An array $ a $ is called a subsequence of an array $ b $ if some elements can be removed from array $ b $ (possibly all, possibly none) to obtain the array $ a $ . You are given an array $ a = [a_1, a_2, \dots, a_n] $ . We call an array $ b = [b_1, b_2, \dots, b_m] $ beautiful if: - $ a $ is a subsequence of $ b $ ; - for each $ i $ from $ 1 $ to $ m-1 $ , the elements $ b_i $ and $ b_{i+1} $ differ by exactly $ 1 $ (that is, $ |b_i - b_{i+1}| = 1 $ ); - among all arrays that satisfy these two requirements, the length of $ b $ is minimum. You have to process $ q $ queries. In the $ i $ -th query, a single integer $ x_i $ is given.
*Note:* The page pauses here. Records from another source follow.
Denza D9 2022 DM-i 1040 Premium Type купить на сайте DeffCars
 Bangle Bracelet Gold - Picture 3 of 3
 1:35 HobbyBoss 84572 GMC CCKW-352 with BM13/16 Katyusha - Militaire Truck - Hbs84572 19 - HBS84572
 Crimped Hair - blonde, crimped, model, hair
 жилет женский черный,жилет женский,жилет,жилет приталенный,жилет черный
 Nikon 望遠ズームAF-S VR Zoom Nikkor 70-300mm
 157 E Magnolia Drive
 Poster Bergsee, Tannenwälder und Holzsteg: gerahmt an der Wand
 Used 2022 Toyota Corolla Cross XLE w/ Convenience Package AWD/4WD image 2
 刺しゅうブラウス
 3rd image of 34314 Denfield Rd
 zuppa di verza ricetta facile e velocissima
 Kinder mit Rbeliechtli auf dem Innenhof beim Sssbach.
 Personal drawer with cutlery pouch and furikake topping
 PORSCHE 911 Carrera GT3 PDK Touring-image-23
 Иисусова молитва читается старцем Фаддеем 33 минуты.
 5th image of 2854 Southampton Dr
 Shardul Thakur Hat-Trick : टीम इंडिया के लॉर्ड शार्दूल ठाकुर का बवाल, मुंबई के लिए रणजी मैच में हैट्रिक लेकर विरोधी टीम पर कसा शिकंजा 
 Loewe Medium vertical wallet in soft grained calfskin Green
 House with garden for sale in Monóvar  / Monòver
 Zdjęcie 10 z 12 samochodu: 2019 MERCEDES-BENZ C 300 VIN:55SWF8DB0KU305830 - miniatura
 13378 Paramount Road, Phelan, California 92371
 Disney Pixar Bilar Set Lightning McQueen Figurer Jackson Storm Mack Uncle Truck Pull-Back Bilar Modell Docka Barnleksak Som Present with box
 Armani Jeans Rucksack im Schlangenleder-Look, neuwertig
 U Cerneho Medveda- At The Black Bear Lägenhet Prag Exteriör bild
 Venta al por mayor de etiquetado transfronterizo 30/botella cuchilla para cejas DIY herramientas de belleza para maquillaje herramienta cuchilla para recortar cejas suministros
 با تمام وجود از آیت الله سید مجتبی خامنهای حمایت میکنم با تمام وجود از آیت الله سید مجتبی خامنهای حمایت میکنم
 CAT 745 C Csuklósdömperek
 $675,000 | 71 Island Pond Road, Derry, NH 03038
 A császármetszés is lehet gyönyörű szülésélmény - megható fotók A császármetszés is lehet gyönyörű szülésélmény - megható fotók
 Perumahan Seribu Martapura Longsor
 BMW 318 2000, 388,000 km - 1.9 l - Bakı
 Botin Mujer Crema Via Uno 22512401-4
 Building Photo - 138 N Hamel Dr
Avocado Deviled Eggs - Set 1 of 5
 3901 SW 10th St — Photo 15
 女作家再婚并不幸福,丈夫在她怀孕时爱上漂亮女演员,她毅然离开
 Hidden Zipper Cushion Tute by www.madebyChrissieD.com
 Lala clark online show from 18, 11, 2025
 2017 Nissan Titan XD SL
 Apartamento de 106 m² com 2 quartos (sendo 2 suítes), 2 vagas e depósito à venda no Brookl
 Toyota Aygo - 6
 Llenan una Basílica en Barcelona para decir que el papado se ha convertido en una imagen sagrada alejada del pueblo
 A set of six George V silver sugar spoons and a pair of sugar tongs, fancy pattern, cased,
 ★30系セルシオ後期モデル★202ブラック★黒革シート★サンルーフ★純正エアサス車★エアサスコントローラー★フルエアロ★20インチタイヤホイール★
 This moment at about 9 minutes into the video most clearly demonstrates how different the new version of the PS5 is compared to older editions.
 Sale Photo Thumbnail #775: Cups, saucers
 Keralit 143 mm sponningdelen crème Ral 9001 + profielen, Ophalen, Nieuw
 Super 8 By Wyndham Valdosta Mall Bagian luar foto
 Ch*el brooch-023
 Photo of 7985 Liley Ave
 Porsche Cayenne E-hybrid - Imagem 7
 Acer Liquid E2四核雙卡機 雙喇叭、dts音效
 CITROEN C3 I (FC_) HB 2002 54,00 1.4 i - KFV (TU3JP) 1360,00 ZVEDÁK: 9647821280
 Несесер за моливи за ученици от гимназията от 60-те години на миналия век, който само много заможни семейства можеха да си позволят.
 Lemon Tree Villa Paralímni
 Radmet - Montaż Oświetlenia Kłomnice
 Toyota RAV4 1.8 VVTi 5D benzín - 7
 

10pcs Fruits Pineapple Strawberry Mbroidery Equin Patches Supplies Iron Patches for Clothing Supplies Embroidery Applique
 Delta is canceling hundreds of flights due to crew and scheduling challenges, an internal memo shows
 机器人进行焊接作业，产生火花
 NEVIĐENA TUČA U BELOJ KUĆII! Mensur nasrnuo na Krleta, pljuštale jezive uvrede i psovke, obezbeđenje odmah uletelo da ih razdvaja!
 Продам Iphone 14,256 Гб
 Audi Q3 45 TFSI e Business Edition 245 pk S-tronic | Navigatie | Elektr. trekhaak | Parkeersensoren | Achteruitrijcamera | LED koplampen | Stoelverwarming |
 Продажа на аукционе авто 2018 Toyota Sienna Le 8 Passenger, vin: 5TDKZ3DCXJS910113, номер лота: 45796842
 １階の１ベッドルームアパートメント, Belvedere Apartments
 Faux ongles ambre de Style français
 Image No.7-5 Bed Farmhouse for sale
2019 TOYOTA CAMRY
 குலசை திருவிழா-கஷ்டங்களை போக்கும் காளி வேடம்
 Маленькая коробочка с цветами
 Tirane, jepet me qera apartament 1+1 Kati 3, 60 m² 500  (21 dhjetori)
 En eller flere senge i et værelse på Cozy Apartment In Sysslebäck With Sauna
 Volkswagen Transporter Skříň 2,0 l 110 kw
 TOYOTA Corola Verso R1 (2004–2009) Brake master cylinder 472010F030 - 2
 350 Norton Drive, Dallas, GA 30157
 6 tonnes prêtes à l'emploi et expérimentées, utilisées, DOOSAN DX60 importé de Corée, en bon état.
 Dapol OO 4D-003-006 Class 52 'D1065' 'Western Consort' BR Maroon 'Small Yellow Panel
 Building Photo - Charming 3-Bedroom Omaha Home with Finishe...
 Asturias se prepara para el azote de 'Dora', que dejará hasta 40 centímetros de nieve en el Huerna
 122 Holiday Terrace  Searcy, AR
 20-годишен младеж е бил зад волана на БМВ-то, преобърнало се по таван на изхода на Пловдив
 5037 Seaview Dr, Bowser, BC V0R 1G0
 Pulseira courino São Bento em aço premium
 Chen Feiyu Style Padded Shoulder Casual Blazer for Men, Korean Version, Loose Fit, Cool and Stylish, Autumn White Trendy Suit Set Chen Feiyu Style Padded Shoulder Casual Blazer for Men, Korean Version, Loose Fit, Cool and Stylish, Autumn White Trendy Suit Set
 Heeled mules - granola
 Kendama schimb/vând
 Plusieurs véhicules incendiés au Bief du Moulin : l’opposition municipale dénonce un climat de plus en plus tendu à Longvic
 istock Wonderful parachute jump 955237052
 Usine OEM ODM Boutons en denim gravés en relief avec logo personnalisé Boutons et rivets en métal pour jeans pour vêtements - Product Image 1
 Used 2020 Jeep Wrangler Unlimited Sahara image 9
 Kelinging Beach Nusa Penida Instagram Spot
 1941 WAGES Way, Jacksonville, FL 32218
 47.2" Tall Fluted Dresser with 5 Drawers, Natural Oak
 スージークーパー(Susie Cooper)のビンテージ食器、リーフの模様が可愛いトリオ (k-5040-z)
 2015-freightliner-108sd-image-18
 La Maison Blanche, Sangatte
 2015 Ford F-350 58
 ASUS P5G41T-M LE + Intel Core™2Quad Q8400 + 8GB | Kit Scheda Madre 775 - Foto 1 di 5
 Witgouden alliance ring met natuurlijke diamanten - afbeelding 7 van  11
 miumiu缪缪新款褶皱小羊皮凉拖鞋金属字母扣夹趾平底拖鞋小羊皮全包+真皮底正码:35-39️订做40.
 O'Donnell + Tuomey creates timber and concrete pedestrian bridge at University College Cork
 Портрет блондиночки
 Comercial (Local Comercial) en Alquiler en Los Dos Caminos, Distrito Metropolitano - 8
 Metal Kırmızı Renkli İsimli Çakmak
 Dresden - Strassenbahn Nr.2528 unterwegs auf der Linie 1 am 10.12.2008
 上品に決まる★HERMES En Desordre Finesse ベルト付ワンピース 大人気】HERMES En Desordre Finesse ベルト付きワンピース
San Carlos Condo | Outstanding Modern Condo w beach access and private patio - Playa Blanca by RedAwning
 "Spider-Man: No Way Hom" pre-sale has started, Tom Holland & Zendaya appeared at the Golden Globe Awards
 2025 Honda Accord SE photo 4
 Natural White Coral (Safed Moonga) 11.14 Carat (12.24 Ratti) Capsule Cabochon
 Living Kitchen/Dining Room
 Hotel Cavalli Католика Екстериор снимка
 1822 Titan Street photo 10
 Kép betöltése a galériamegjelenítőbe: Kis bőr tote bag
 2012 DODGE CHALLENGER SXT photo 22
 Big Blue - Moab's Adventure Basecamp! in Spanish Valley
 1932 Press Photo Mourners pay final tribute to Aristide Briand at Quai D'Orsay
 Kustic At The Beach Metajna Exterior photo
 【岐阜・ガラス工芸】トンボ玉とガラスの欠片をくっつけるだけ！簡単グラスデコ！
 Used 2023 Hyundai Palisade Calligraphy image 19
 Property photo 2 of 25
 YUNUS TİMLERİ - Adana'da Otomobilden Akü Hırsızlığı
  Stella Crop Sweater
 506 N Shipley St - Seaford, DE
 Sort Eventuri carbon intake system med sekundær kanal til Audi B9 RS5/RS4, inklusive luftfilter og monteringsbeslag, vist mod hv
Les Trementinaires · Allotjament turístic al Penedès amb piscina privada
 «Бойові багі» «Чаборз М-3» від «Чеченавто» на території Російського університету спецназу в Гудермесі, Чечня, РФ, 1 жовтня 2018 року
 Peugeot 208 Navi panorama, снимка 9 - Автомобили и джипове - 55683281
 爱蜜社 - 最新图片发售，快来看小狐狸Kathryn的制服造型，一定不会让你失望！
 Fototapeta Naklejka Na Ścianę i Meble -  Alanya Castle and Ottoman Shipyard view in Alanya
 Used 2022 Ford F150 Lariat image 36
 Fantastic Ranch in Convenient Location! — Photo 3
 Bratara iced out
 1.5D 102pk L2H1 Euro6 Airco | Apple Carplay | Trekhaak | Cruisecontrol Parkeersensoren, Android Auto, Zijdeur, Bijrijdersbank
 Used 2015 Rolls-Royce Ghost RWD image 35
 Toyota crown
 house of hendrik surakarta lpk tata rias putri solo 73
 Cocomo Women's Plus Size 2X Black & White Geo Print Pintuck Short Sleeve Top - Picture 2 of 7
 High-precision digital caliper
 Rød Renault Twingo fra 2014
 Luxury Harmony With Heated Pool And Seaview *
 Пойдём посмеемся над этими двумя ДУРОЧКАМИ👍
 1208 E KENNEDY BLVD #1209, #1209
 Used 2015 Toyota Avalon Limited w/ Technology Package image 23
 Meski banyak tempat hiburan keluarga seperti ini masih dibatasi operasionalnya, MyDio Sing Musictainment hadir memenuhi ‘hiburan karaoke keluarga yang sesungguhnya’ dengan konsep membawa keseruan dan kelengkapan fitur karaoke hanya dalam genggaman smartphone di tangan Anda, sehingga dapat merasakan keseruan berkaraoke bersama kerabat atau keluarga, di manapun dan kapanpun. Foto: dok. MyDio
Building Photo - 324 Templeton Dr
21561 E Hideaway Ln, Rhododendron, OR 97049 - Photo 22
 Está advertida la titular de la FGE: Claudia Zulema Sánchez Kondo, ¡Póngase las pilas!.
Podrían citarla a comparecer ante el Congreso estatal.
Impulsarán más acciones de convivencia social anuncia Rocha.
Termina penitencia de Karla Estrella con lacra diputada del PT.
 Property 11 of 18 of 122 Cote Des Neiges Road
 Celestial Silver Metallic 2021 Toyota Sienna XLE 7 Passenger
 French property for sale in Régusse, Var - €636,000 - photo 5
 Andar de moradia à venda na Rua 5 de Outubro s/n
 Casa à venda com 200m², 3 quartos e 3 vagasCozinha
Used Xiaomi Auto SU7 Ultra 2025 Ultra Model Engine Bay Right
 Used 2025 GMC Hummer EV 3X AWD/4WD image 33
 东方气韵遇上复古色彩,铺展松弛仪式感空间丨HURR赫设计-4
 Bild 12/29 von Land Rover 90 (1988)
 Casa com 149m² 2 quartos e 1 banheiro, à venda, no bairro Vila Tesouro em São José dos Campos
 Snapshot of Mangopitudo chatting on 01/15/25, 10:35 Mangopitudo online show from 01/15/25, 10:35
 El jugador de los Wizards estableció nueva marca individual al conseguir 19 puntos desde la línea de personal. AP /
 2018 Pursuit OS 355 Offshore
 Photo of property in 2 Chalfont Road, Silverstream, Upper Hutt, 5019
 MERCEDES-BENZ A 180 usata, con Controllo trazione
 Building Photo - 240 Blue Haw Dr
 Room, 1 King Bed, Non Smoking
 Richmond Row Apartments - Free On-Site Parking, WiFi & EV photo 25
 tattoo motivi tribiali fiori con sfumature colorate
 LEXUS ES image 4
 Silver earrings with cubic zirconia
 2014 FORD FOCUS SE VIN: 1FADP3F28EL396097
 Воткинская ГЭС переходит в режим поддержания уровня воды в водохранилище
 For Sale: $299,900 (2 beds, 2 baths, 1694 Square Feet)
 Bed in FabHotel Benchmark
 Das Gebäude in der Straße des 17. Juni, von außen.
Your task is as follows: - if $ x_i $ is greater than the minimum possible number of elements in a beautiful array, print $ -1 $ ; - otherwise, if the same number occupies position $ x_i $ in all beautiful arrays, print that number; - otherwise, print $ 0 $ .

Input Format

The first line contains two integers $ n $ and $ q $ ( $ 1 \le n, q \le 2 \cdot 10^5 $ ). The second line contains $ n $ integers $ a_1, a_2, \dots, a_n $ ( $ 1 \le a_i \le 10^9 $ ). The third line contains $ q $ integers $ x_1, x_2, \dots, x_q $ ( $ 1 \le x_i \le 10^{18} $ ).

Output Format

For each query, print a single integer — the answer to it.